• **Try it**
Here is a block of records. Copy every line in it that includes "Mens".

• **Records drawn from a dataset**
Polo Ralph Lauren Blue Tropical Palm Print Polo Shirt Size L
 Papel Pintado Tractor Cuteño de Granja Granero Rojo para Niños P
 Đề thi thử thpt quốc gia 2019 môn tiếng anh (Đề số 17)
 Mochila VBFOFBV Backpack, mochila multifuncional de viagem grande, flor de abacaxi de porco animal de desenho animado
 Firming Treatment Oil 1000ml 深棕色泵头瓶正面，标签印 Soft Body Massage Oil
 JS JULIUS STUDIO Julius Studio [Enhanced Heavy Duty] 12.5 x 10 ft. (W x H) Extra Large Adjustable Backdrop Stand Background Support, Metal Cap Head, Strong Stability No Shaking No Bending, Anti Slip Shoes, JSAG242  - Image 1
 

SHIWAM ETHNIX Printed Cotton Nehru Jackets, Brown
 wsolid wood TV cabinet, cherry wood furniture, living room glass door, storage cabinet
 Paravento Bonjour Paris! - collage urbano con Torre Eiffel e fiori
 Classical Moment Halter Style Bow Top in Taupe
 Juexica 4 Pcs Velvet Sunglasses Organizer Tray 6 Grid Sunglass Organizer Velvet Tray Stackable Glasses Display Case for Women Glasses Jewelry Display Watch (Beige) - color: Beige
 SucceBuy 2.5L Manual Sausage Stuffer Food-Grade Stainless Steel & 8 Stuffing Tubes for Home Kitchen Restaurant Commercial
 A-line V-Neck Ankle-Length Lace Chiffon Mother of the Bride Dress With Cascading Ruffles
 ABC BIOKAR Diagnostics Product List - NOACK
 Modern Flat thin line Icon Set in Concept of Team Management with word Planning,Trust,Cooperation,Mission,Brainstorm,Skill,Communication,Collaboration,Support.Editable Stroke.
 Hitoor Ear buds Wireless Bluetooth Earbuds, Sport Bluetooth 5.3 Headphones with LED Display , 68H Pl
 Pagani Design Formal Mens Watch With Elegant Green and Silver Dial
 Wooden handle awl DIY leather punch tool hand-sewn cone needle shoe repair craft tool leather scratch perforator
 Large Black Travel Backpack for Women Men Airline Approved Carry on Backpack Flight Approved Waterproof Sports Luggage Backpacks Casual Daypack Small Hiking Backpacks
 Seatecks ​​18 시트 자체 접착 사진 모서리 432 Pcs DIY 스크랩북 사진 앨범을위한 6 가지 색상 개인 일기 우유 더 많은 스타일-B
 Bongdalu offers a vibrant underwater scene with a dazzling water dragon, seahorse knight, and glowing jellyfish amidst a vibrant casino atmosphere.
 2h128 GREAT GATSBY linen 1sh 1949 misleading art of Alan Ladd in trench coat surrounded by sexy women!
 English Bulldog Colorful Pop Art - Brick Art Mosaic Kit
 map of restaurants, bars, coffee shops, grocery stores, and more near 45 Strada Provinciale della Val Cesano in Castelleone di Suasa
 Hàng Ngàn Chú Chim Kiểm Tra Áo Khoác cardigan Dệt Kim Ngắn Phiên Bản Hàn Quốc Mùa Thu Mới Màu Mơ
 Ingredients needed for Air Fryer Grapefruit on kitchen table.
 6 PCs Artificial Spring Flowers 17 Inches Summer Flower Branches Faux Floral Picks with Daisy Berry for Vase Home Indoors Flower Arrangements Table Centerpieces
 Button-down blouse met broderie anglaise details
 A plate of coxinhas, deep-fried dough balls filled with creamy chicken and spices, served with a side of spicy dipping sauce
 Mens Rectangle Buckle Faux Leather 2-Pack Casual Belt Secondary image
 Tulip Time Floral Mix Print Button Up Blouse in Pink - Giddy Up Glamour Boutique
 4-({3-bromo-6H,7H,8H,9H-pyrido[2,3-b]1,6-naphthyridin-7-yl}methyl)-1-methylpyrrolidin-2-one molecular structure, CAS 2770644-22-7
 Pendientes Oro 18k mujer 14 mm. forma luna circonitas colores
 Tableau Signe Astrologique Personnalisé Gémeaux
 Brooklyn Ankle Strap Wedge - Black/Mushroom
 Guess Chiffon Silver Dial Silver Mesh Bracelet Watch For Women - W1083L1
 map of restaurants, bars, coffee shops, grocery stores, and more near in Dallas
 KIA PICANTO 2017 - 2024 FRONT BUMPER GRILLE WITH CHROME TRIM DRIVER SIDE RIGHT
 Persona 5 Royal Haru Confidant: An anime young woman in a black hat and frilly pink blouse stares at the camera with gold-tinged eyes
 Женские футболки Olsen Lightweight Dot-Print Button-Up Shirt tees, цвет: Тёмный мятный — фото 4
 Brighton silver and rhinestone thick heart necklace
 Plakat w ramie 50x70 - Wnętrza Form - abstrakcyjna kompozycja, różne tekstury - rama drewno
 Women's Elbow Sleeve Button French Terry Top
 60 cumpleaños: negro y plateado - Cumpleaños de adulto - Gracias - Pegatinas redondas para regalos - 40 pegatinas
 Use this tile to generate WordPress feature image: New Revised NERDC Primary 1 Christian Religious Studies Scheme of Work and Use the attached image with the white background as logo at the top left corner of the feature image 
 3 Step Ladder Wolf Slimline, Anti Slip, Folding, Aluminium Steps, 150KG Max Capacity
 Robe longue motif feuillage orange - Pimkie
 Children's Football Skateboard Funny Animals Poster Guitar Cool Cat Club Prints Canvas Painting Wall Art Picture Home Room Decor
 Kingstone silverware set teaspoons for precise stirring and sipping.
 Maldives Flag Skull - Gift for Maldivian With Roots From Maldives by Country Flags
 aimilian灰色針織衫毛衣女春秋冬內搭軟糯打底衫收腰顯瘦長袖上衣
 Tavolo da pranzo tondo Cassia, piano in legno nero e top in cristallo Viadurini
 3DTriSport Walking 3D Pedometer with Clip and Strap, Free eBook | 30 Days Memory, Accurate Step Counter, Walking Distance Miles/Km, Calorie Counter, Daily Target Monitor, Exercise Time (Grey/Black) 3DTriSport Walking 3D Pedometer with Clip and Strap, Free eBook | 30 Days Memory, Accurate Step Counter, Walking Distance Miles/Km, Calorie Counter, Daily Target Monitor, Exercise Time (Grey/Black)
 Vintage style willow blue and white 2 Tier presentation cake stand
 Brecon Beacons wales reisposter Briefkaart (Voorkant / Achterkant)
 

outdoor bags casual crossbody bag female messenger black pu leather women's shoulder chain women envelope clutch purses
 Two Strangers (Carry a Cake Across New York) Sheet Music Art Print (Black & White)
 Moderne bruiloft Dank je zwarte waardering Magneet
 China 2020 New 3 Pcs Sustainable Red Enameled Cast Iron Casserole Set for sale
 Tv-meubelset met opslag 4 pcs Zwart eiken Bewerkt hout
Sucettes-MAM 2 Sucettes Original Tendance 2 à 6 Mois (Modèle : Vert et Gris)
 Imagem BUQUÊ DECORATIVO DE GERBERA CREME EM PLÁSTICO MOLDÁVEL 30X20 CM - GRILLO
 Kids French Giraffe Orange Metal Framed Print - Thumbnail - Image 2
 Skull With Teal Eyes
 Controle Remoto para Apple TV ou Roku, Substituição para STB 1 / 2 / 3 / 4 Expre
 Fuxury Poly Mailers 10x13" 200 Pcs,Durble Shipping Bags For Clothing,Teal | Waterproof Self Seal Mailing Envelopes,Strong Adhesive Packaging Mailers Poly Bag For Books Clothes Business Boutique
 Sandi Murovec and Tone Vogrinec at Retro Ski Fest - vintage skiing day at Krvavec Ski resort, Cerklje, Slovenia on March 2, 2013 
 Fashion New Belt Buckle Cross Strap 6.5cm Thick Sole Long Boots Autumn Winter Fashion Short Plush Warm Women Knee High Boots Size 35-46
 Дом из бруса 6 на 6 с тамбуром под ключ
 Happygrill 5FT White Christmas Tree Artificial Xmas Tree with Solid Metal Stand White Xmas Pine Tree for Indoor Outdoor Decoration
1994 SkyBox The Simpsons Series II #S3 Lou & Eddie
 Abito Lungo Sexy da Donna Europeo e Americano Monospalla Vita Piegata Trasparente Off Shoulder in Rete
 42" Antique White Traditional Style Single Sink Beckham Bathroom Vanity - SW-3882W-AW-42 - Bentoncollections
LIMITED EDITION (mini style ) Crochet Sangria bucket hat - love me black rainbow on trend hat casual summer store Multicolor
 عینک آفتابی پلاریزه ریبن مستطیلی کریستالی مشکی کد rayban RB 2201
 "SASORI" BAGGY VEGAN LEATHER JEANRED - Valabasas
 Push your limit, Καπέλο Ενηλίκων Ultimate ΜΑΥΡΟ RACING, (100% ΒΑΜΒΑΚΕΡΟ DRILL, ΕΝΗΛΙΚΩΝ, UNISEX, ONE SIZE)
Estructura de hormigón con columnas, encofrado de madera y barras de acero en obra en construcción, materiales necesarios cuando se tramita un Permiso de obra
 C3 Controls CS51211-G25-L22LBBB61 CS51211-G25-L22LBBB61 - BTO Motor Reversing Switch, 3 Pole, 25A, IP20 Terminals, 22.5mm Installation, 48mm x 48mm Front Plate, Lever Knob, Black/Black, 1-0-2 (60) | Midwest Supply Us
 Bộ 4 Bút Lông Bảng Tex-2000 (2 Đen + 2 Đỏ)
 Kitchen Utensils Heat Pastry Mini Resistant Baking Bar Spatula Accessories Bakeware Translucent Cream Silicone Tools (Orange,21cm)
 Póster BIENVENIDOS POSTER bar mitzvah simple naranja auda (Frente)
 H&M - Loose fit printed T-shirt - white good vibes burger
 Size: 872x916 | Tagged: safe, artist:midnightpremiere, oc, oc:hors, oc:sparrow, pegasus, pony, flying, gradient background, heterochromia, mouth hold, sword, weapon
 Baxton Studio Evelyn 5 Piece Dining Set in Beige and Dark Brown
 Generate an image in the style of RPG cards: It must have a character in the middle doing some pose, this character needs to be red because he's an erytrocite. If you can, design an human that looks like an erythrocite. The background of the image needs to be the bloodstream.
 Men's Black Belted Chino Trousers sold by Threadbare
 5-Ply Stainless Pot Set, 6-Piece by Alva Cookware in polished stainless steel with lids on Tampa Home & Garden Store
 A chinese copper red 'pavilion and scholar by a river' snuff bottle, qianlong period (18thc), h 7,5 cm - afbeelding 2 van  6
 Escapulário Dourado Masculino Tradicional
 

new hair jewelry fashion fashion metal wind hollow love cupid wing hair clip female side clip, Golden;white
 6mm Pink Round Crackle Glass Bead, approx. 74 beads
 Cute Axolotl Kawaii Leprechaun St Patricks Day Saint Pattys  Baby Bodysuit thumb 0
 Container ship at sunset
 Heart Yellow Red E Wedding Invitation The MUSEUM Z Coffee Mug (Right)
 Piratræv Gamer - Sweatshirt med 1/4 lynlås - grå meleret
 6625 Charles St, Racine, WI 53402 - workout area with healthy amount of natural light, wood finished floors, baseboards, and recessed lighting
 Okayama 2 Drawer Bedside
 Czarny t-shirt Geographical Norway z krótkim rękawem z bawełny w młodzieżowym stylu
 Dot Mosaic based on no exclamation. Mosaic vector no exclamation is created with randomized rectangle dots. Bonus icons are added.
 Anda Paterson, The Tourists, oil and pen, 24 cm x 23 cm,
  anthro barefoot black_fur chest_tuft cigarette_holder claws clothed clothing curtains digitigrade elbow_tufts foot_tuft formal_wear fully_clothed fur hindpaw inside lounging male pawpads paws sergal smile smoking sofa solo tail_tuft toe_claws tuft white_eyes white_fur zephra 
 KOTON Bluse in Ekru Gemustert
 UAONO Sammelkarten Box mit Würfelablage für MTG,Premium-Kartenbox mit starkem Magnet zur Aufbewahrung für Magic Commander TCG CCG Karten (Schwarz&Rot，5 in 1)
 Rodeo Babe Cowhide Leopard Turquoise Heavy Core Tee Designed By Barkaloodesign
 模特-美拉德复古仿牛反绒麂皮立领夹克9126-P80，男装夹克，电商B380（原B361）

• **Answer to the exercise**
 Pagani Design Formal Mens Watch With Elegant Green and Silver Dial
 Mens Rectangle Buckle Faux Leather 2-Pack Casual Belt Secondary image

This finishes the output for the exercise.